== Supplied records

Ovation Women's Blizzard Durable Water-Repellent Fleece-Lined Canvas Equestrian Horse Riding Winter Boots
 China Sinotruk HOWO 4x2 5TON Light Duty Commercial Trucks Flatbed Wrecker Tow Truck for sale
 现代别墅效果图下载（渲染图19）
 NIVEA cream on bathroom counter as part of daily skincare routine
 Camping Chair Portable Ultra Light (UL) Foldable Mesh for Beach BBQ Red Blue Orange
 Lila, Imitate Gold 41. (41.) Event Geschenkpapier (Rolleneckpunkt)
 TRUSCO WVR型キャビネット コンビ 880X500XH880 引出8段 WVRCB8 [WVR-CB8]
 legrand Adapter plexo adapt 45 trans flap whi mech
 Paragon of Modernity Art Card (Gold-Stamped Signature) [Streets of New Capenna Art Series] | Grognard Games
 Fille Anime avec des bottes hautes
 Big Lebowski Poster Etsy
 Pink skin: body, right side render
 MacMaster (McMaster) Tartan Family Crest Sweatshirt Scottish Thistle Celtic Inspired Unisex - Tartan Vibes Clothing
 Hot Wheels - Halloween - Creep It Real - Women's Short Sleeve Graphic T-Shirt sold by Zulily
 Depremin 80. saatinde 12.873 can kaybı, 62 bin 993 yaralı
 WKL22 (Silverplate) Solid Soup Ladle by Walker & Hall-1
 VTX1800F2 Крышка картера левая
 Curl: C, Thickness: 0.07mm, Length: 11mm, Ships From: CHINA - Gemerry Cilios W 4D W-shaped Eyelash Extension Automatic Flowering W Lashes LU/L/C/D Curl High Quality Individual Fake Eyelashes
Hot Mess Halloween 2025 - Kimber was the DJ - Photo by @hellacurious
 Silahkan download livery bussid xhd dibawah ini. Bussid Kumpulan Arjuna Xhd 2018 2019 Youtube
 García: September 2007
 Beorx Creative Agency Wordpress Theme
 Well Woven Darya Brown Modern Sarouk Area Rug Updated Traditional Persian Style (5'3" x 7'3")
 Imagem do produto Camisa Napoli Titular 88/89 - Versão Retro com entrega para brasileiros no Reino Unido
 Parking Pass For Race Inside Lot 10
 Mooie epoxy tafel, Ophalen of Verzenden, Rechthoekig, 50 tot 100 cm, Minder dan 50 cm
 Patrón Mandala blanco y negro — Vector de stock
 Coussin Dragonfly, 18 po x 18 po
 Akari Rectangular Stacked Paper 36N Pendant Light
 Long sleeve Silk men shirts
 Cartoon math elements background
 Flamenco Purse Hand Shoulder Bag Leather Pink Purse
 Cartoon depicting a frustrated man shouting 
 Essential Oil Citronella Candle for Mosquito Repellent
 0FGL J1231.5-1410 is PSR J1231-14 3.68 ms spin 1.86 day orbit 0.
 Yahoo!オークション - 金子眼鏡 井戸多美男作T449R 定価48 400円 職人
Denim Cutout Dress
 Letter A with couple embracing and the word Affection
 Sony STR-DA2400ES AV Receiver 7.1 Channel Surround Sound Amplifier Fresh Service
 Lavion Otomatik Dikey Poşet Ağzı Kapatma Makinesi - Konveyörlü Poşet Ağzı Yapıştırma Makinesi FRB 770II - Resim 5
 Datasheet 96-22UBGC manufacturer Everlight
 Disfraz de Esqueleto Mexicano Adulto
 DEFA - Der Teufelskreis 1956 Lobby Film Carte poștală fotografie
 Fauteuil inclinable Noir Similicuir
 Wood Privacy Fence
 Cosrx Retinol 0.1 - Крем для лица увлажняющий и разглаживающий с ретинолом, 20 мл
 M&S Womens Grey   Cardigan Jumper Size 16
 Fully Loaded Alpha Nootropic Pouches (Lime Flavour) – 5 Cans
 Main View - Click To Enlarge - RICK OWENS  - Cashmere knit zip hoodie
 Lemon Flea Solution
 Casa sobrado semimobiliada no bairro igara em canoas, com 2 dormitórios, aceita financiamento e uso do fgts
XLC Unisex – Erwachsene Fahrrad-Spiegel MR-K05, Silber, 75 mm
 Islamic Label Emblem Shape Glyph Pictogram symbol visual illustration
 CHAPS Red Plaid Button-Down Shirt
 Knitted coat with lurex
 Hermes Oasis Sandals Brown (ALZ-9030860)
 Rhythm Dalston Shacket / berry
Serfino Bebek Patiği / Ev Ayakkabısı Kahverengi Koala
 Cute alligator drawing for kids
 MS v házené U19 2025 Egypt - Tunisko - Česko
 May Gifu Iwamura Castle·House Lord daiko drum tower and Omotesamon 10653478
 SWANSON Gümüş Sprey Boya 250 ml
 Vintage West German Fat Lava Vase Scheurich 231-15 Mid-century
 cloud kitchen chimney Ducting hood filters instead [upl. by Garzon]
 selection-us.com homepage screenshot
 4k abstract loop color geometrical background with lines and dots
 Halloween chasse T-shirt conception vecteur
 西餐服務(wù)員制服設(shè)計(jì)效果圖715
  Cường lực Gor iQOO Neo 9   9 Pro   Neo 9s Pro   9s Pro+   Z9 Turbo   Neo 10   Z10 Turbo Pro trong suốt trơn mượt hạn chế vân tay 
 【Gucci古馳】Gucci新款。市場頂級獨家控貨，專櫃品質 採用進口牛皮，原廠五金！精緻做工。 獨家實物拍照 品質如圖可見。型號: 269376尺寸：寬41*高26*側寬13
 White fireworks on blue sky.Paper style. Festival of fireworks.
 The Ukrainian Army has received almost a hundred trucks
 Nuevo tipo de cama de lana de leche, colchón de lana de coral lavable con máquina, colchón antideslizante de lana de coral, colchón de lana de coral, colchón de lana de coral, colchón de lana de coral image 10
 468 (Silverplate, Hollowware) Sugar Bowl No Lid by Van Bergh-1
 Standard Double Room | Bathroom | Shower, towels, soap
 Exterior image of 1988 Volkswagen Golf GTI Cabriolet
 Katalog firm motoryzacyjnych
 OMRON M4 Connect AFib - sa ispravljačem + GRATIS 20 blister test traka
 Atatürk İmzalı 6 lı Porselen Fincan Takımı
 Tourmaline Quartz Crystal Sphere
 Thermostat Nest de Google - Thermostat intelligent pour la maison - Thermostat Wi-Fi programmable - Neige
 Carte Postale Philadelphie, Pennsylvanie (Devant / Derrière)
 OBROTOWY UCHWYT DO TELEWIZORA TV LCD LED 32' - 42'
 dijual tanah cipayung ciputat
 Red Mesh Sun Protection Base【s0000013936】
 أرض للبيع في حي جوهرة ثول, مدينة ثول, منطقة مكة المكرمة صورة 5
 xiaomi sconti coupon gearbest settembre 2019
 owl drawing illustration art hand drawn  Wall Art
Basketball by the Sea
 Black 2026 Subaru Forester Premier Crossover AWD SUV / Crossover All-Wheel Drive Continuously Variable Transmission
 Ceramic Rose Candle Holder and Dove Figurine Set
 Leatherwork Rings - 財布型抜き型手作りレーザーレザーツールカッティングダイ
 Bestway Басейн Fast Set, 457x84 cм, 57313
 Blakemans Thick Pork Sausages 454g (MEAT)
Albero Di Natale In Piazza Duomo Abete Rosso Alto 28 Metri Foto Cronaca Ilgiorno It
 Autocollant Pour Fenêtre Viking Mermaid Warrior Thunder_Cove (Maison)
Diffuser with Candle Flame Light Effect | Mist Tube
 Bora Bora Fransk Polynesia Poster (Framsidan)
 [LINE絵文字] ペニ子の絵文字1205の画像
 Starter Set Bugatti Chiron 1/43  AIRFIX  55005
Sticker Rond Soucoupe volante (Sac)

====

--- Work to be completed ---
Your response must contain all of the records, copied exactly.

--- Reply to the exercise ---
Ovation Women's Blizzard Durable Water-Repellent Fleece-Lined Canvas Equestrian Horse Riding Winter Boots
 China Sinotruk HOWO 4x2 5TON Light Duty Commercial Trucks Flatbed Wrecker Tow Truck for sale
 现代别墅效果图下载（渲染图19）
 NIVEA cream on bathroom counter as part of daily skincare routine
 Camping Chair Portable Ultra Light (UL) Foldable Mesh for Beach BBQ Red Blue Orange
 Lila, Imitate Gold 41. (41.) Event Geschenkpapier (Rolleneckpunkt)
 TRUSCO WVR型キャビネット コンビ 880X500XH880 引出8段 WVRCB8 [WVR-CB8]
 legrand Adapter plexo adapt 45 trans flap whi mech
 Paragon of Modernity Art Card (Gold-Stamped Signature) [Streets of New Capenna Art Series] | Grognard Games
 Fille Anime avec des bottes hautes
 Big Lebowski Poster Etsy
 Pink skin: body, right side render
 MacMaster (McMaster) Tartan Family Crest Sweatshirt Scottish Thistle Celtic Inspired Unisex - Tartan Vibes Clothing
 Hot Wheels - Halloween - Creep It Real - Women's Short Sleeve Graphic T-Shirt sold by Zulily
 Depremin 80. saatinde 12.873 can kaybı, 62 bin 993 yaralı
 WKL22 (Silverplate) Solid Soup Ladle by Walker & Hall-1
 VTX1800F2 Крышка картера левая
 Curl: C, Thickness: 0.07mm, Length: 11mm, Ships From: CHINA - Gemerry Cilios W 4D W-shaped Eyelash Extension Automatic Flowering W Lashes LU/L/C/D Curl High Quality Individual Fake Eyelashes
Hot Mess Halloween 2025 - Kimber was the DJ - Photo by @hellacurious
 Silahkan download livery bussid xhd dibawah ini. Bussid Kumpulan Arjuna Xhd 2018 2019 Youtube
 García: September 2007
 Beorx Creative Agency Wordpress Theme
 Well Woven Darya Brown Modern Sarouk Area Rug Updated Traditional Persian Style (5'3" x 7'3")
 Imagem do produto Camisa Napoli Titular 88/89 - Versão Retro com entrega para brasileiros no Reino Unido
 Parking Pass For Race Inside Lot 10
 Mooie epoxy tafel, Ophalen of Verzenden, Rechthoekig, 50 tot 100 cm, Minder dan 50 cm
 Patrón Mandala blanco y negro — Vector de stock
 Coussin Dragonfly, 18 po x 18 po
 Akari Rectangular Stacked Paper 36N Pendant Light
 Long sleeve Silk men shirts
 Cartoon math elements background
 Flamenco Purse Hand Shoulder Bag Leather Pink Purse
 Cartoon depicting a frustrated man shouting 
 Essential Oil Citronella Candle for Mosquito Repellent
 0FGL J1231.5-1410 is PSR J1231-14 3.68 ms spin 1.86 day orbit 0.
 Yahoo!オークション - 金子眼鏡 井戸多美男作T449R 定価48 400円 職人
Denim Cutout Dress
 Letter A with couple embracing and the word Affection
 Sony STR-DA2400ES AV Receiver 7.1 Channel Surround Sound Amplifier Fresh Service
 Lavion Otomatik Dikey Poşet Ağzı Kapatma Makinesi - Konveyörlü Poşet Ağzı Yapıştırma Makinesi FRB 770II - Resim 5
 Datasheet 96-22UBGC manufacturer Everlight
 Disfraz de Esqueleto Mexicano Adulto
 DEFA - Der Teufelskreis 1956 Lobby Film Carte poștală fotografie
 Fauteuil inclinable Noir Similicuir
 Wood Privacy Fence
 Cosrx Retinol 0.1 - Крем для лица увлажняющий и разглаживающий с ретинолом, 20 мл
 M&S Womens Grey   Cardigan Jumper Size 16
 Fully Loaded Alpha Nootropic Pouches (Lime Flavour) – 5 Cans
 Main View - Click To Enlarge - RICK OWENS  - Cashmere knit zip hoodie
 Lemon Flea Solution
 Casa sobrado semimobiliada no bairro igara em canoas, com 2 dormitórios, aceita financiamento e uso do fgts
XLC Unisex – Erwachsene Fahrrad-Spiegel MR-K05, Silber, 75 mm
 Islamic Label Emblem Shape Glyph Pictogram symbol visual illustration
 CHAPS Red Plaid Button-Down Shirt
 Knitted coat with lurex
 Hermes Oasis Sandals Brown (ALZ-9030860)
 Rhythm Dalston Shacket / berry
Serfino Bebek Patiği / Ev Ayakkabısı Kahverengi Koala
 Cute alligator drawing for kids
 MS v házené U19 2025 Egypt - Tunisko - Česko
 May Gifu Iwamura Castle·House Lord daiko drum tower and Omotesamon 10653478
 SWANSON Gümüş Sprey Boya 250 ml
 Vintage West German Fat Lava Vase Scheurich 231-15 Mid-century
 cloud kitchen chimney Ducting hood filters instead [upl. by Garzon]
 selection-us.com homepage screenshot
 4k abstract loop color geometrical background with lines and dots
 Halloween chasse T-shirt conception vecteur
 西餐服務(wù)員制服設(shè)計(jì)效果圖715
  Cường lực Gor iQOO Neo 9   9 Pro   Neo 9s Pro   9s Pro+   Z9 Turbo   Neo 10   Z10 Turbo Pro trong suốt trơn mượt hạn chế vân tay 
 【Gucci古馳】Gucci新款。市場頂級獨家控貨，專櫃品質 採用進口牛皮，原廠五金！精緻做工。 獨家實物拍照 品質如圖可見。型號: 269376尺寸：寬41*高26*側寬13
 White fireworks on blue sky.Paper style. Festival of fireworks.
 The Ukrainian Army has received almost a hundred trucks
 Nuevo tipo de cama de lana de leche, colchón de lana de coral lavable con máquina, colchón antideslizante de lana de coral, colchón de lana de coral, colchón de lana de coral, colchón de lana de coral image 10
 468 (Silverplate, Hollowware) Sugar Bowl No Lid by Van Bergh-1
 Standard Double Room | Bathroom | Shower, towels, soap
 Exterior image of 1988 Volkswagen Golf GTI Cabriolet
 Katalog firm motoryzacyjnych
 OMRON M4 Connect AFib - sa ispravljačem + GRATIS 20 blister test traka
 Atatürk İmzalı 6 lı Porselen Fincan Takımı
 Tourmaline Quartz Crystal Sphere
 Thermostat Nest de Google - Thermostat intelligent pour la maison - Thermostat Wi-Fi programmable - Neige
 Carte Postale Philadelphie, Pennsylvanie (Devant / Derrière)
 OBROTOWY UCHWYT DO TELEWIZORA TV LCD LED 32' - 42'
 dijual tanah cipayung ciputat
 Red Mesh Sun Protection Base【s0000013936】
 أرض للبيع في حي جوهرة ثول, مدينة ثول, منطقة مكة المكرمة صورة 5
 xiaomi sconti coupon gearbest settembre 2019
 owl drawing illustration art hand drawn  Wall Art
Basketball by the Sea
 Black 2026 Subaru Forester Premier Crossover AWD SUV / Crossover All-Wheel Drive Continuously Variable Transmission
 Ceramic Rose Candle Holder and Dove Figurine Set
 Leatherwork Rings - 財布型抜き型手作りレーザーレザーツールカッティングダイ
 Bestway Басейн Fast Set, 457x84 cм, 57313
 Blakemans Thick Pork Sausages 454g (MEAT)
Albero Di Natale In Piazza Duomo Abete Rosso Alto 28 Metri Foto Cronaca Ilgiorno It
 Autocollant Pour Fenêtre Viking Mermaid Warrior Thunder_Cove (Maison)
Diffuser with Candle Flame Light Effect | Mist Tube
 Bora Bora Fransk Polynesia Poster (Framsidan)
 [LINE絵文字] ペニ子の絵文字1205の画像
 Starter Set Bugatti Chiron 1/43  AIRFIX  55005
Sticker Rond Soucoupe volante (Sac)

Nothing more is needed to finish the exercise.